Two ships A and B leaves the some harbour at the same time in directions 152° and 142° respectively calculate the distance between the two ships when A has travelled 10km and B has travelled 12km. What is the bearing of A from B at this time
sound much as the law of cosines and sines on this one.
sketch it. first you have two sides and angle between to get opposite side. Now use the law of sines to get the last angle, Notice you have to convert that to a bearing relative ot North.
All angles are measured CW from +y-axis.
Given: HA = 10km[152o], HB = 12km[142o].
BH = 12km[142+180] = 12km[322o].
BA = BH + HA = 12[322] + 10[152]
BA = (12*sin322+10*sin152) + (12*cos322+10*cos152)i
BA = -2.69 + 0.627i = 2.76km[-76.9o] = 2.76km[283o] CW.
Bearing of A from B = 283 degrees.
The sketch of the journey was not drawn
The answer is 2.765
Why formulary was used here
I'm not sure it's cosine
Well, it seems like ships A and B are going on a little adventure! Let me calculate the distance and bearing for you.

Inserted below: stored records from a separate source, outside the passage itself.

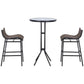 Two gray bar height bistro stools with curved sling seats and round glass table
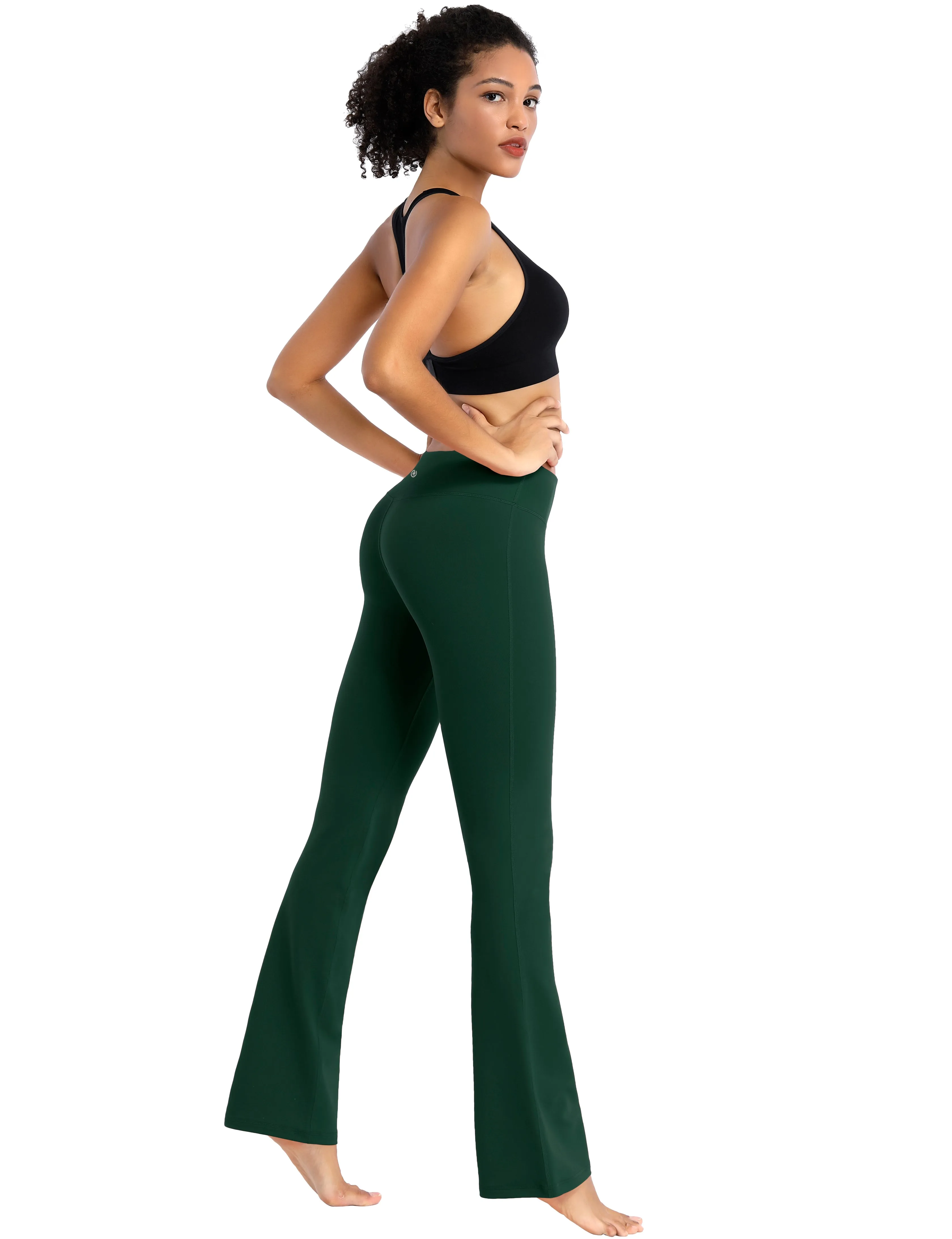 29" 31" 33" 35" Cotton Nylon Bootcut Leggings olivegreen_Biking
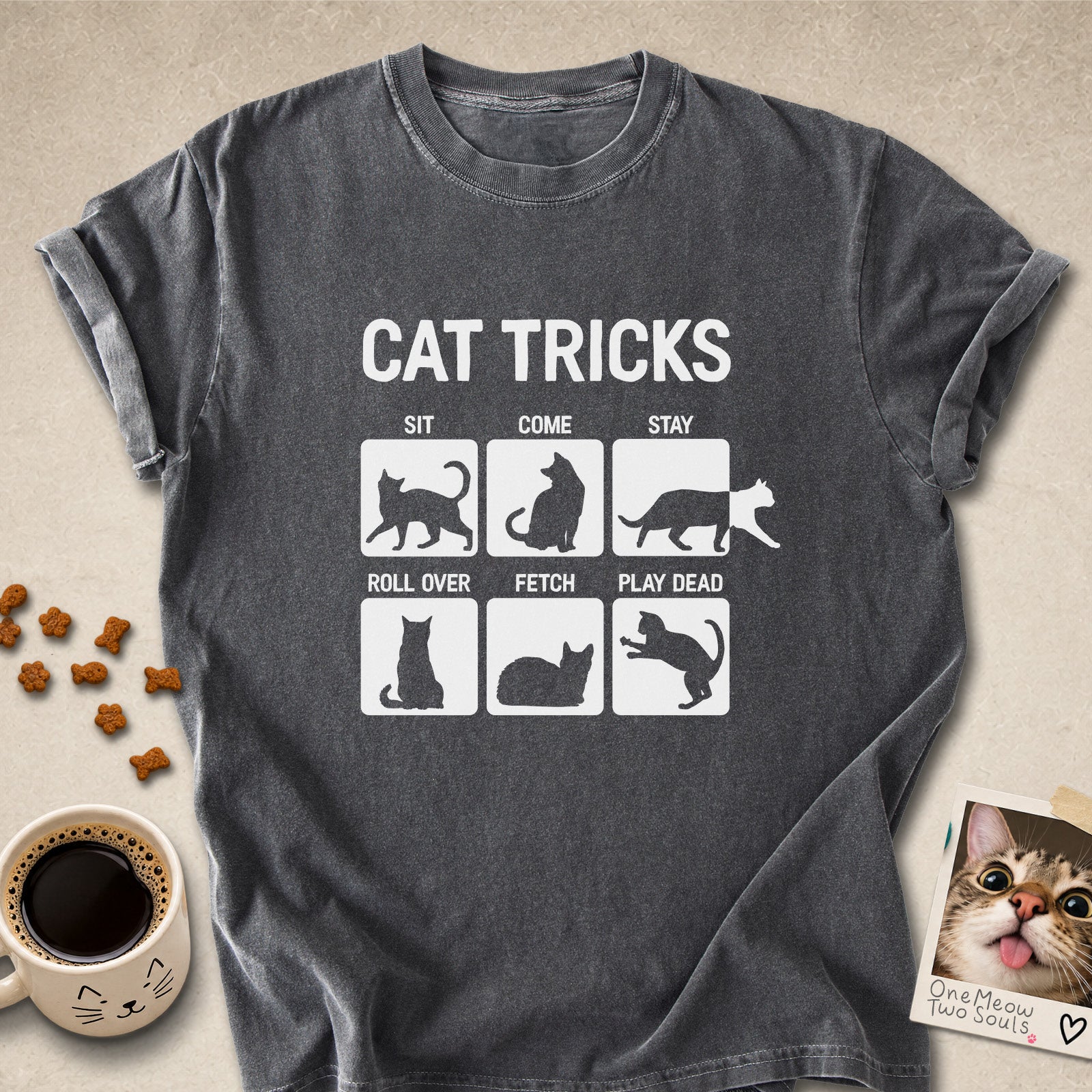 Pepper  colored Comfort Colors 1717 cotton T-shirt, featuring a "Cat Tricks" funny cat design illustration. One Meow Two Souls brand.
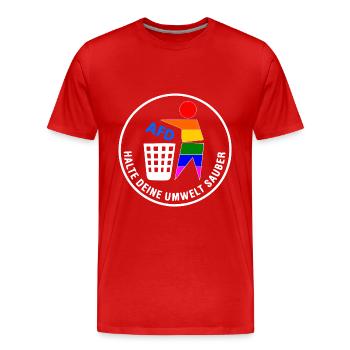 Fck afd - halte deine umwelt sauber - Männer Premium Bio T-Shirt - Rot - Vorne - Damien (186cm)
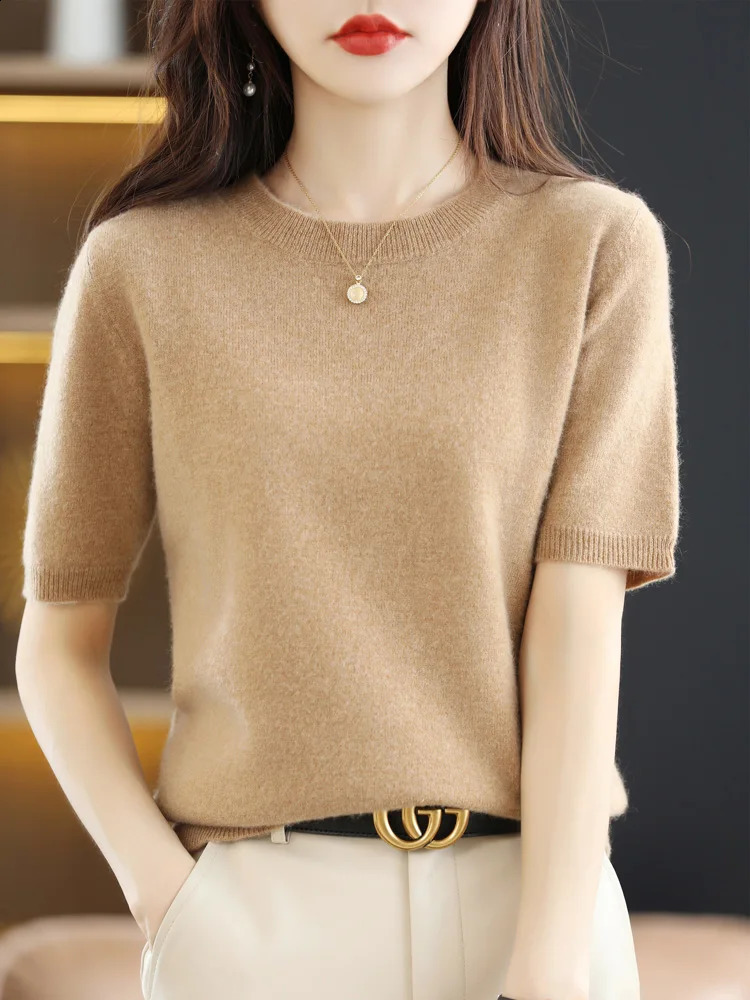 Women Merino Wool Sweater Cashmere Pullover Fashion Basic O-Neck Knitwear Short Sleeve Elegant T-Shirt Clothing Tops 250821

To find the distance between the two ships, we can use the formula:
Distance = sqrt((First Ship's Distance)^2 + (Second Ship's Distance)^2 - 2(First Ship's Distance)(Second Ship's Distance) * cos(First Ship's Bearing - Second Ship's Bearing))
So, substituting the values into the formula:
Distance = sqrt((10)^2 + (12)^2 - 2(10)(12) * cos(152° - 142°))

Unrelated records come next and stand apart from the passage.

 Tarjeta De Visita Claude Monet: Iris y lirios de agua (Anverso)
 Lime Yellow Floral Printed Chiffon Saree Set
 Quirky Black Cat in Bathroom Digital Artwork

After some calculation, the distance between the two ships is approximately 20.12 km.
Now, let's find the bearing of A from B. This can be determined by subtracting Ship B's initial bearing from Ship A's initial bearing:
Bearing of A from B = 152° - 142°
The bearing of A from B is approximately 10°.
So, after traveling 10 km and 12 km, the distance between the two ships is 20.12 km with a bearing of A from B being 10°. I hope this helps you navigate through your ship-related troubles!

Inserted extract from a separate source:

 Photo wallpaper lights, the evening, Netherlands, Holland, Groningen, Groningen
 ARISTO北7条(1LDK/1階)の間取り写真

To solve this problem, we can use the concept of vectors and trigonometry.
Step 1: Determine the positions of ships A and B after traveling the given distances.
- Ship A has traveled 10 km in the direction of 152°. We can find its position by creating a vector with magnitude 10 km and direction 152°.
- Ship B has traveled 12 km in the direction of 142°. We can find its position by creating a vector with magnitude 12 km and direction 142°.
Step 2: Calculate the distance between the two ships.
- To calculate the distance between two points (x1, y1) and (x2, y2) in a 2D plane, we can use the distance formula: d = sqrt((x2 - x1)^2 + (y2 - y1)^2).
- In this case, we have the positions of ship A and ship B as vectors, so we need to convert them into Cartesian coordinates (x, y) to use the formula.
Step 3: Find the bearing of ship A from B.
- To find the bearing of ship A from B, we need to determine the angle between the line connecting the two ships and the reference line (e.g., North).
Let's calculate the distances and bearings step by step.
Step 1:
- Ship A's position: (10 * cos(152°), 10 * sin(152°)).
- Ship B's position: (12 * cos(142°), 12 * sin(142°)). Note: The angles must be in radians for the trigonometric functions.
Step 2:
- Distance between A and B: d = sqrt((x2 - x1)^2 + (y2 - y1)^2).
- Substitute the values of x1, y1, x2, y2 into the formula to calculate the distance.
Step 3:
- Calculate the bearing by finding the angle between the line connecting the two ships and the reference line (e.g., North).